ASSIGNED TASK:
Reproduce the data in full, exactly as given, leaving images out.
+===+
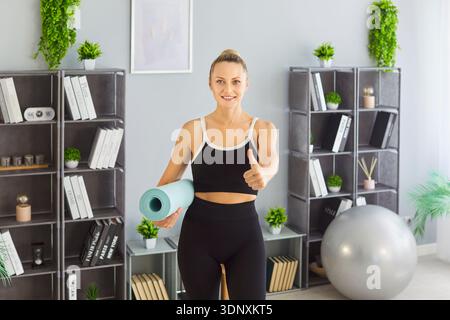 Lächelnde Frau, die die Daumen hoch hält, während sie eine Yogamatte in einem hellen Fitnessraum hält Stockfoto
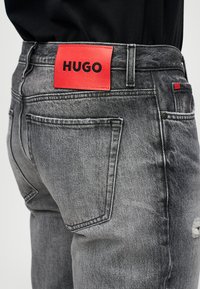 Sive traperice s stražnjim džepom i crvenom oznakom branda "HUGO" na pojasu, nošene s crnim topom.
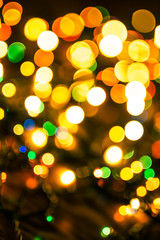 Obraz premium New Year pattern with bokeh lights. Christmas background with defocused colored lights. Blurred colourful lights.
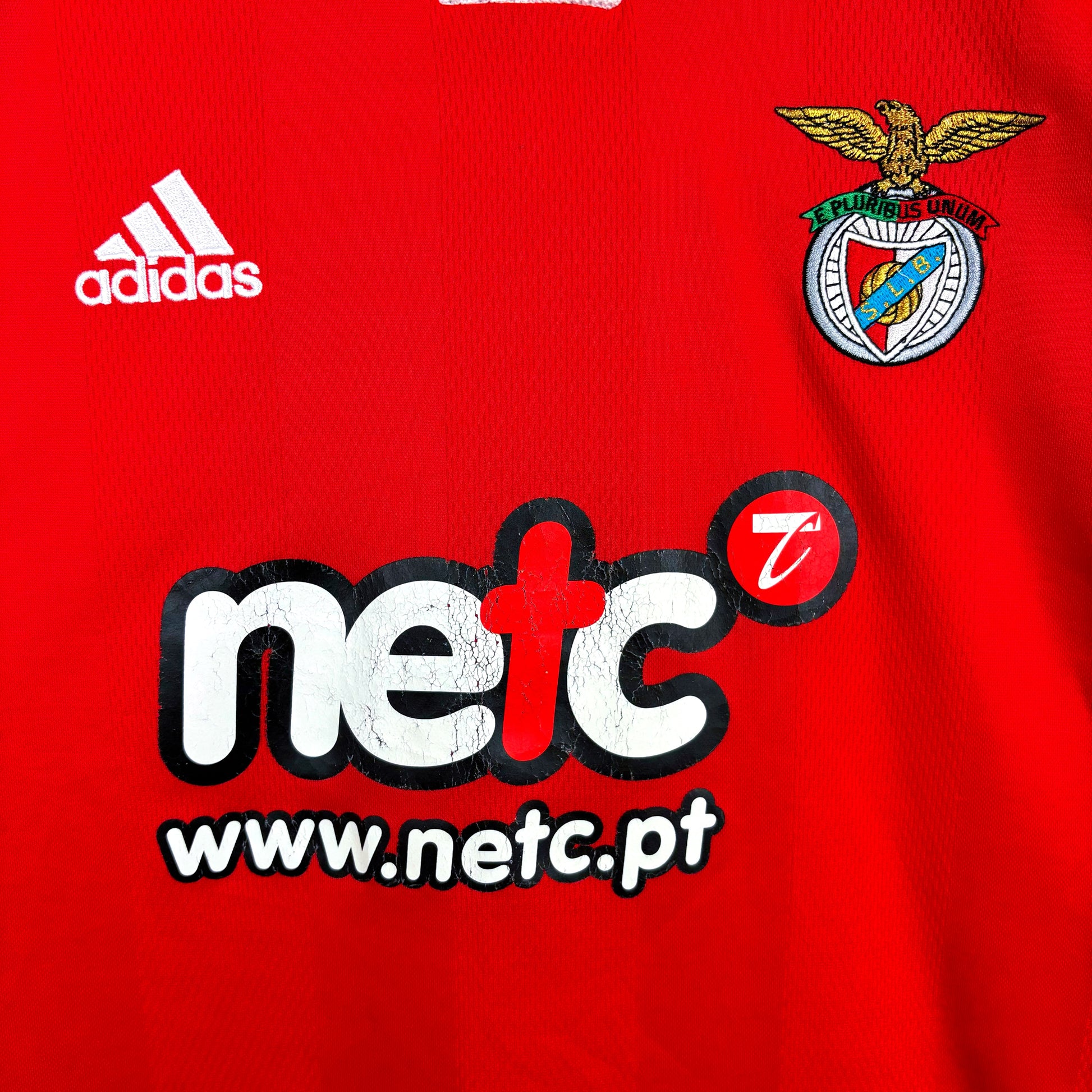 Close up of badges and sponsor on Benfica 2000-2001 Adidas home classic football shirt. Red body with white trim. NETC sponsor.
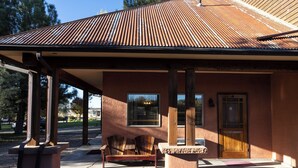 A building with a covered porch, a wooden bench, and a door. - Boulder Mountain Lodge (Boulder)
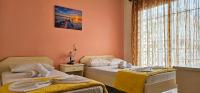 Posteľ alebo postele v izbe v ubytovaní Chariclia Hotel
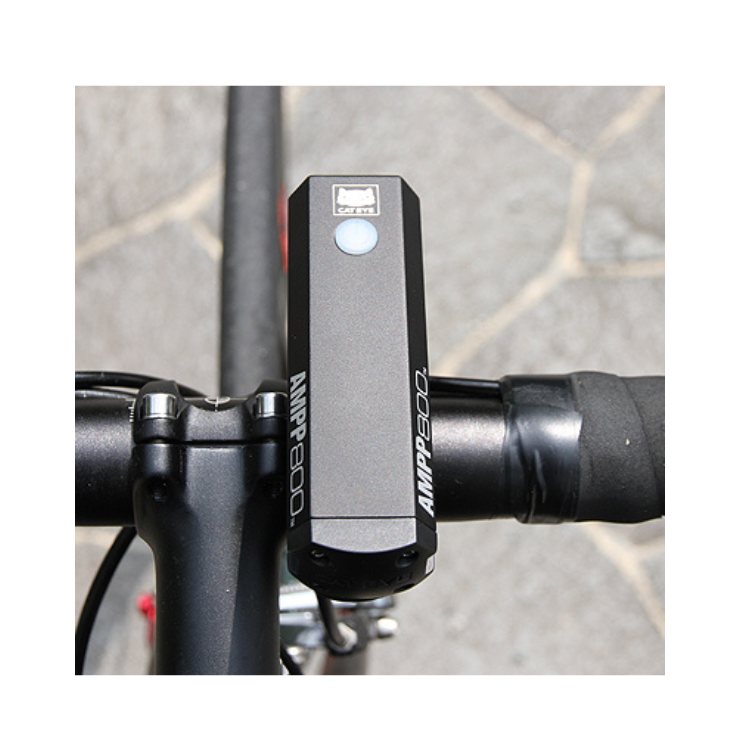 The AMPP800 bike light securely mounted on the handlebar, offering a bright, focused light for safer night cycling.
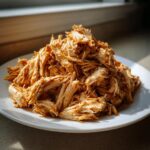 A mound of flavorful, seasoned Easy Shredded Chicken Recipe Seasoned Gold piled high on a white plate.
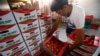 A worker arranges boxes of tomatoes at a warehouse near Alexandria, southern Romania, Aug. 20, 2014. 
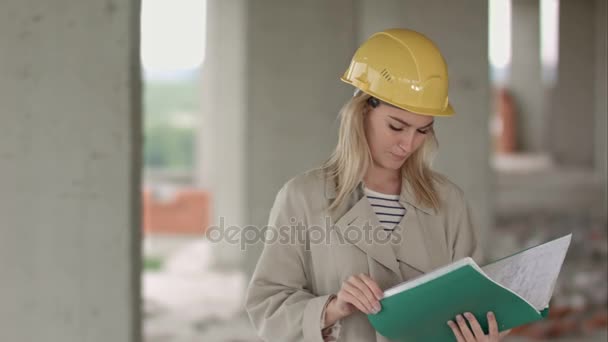 Fiatal női építész építőmérnök, egy építési telek eximaining dokumentumok — Stock videók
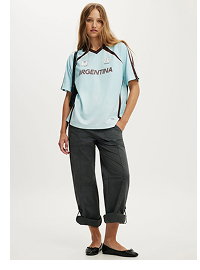 Woman wearing light blue graphic tee and charcoal pants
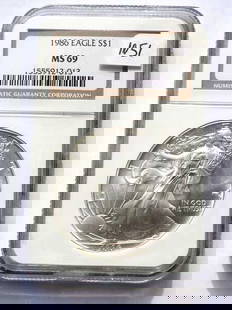 US MINT 1986 SILVER EAGLE DOLLAR NGC MS 69: United States Mint 1986 Silver Eagle $1 Dollar Coin. Walking Liberty Obverse, Heraldic Eagle Reverse. 1 Oz Fine Silver. NGC Sealed & Graded MS 69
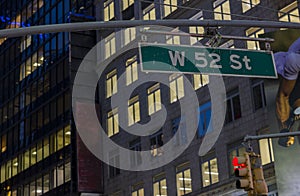 Beautiful night city view of tops of buildings and West 52st Street sign. New York.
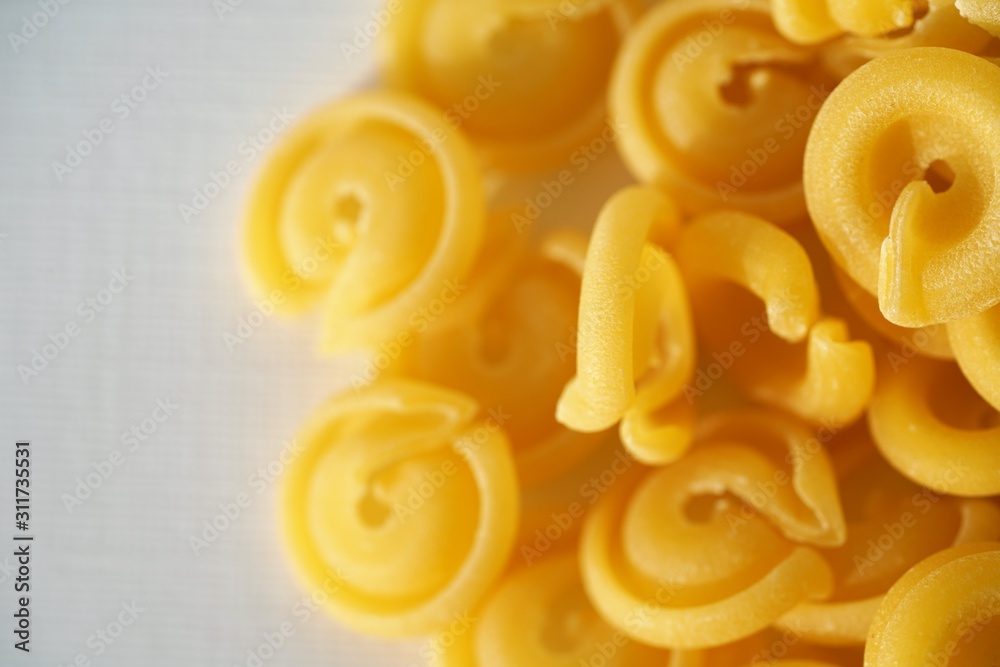 Top view on Italian messicani pasta shapes on white background Top view on Italian messicani pasta shapes on white background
+===+
REPLY TO THE EXERCISE:
 Lächelnde Frau, die die Daumen hoch hält, während sie eine Yogamatte in einem hellen Fitnessraum hält Stockfoto
 Sive traperice s stražnjim džepom i crvenom oznakom branda "HUGO" na pojasu, nošene s crnim topom.
 Obraz premium New Year pattern with bokeh lights. Christmas background with defocused colored lights. Blurred colourful lights.
 Close up of badges and sponsor on Benfica 2000-2001 Adidas home classic football shirt. Red body with white trim. NETC sponsor.
 A building with a covered porch, a wooden bench, and a door. - Boulder Mountain Lodge (Boulder)
 Posteľ alebo postele v izbe v ubytovaní Chariclia Hotel
 The AMPP800 bike light securely mounted on the handlebar, offering a bright, focused light for safer night cycling.
 A mound of flavorful, seasoned Easy Shredded Chicken Recipe Seasoned Gold piled high on a white plate.
 A worker arranges boxes of tomatoes at a warehouse near Alexandria, southern Romania, Aug. 20, 2014. 
 Fiatal női építész építőmérnök, egy építési telek eximaining dokumentumok — Stock videók
 Woman wearing light blue graphic tee and charcoal pants
 US MINT 1986 SILVER EAGLE DOLLAR NGC MS 69: United States Mint 1986 Silver Eagle $1 Dollar Coin. Walking Liberty Obverse, Heraldic Eagle Reverse. 1 Oz Fine Silver. NGC Sealed & Graded MS 69
 Beautiful night city view of tops of buildings and West 52st Street sign. New York.
 Top view on Italian messicani pasta shapes on white background Top view on Italian messicani pasta shapes on white background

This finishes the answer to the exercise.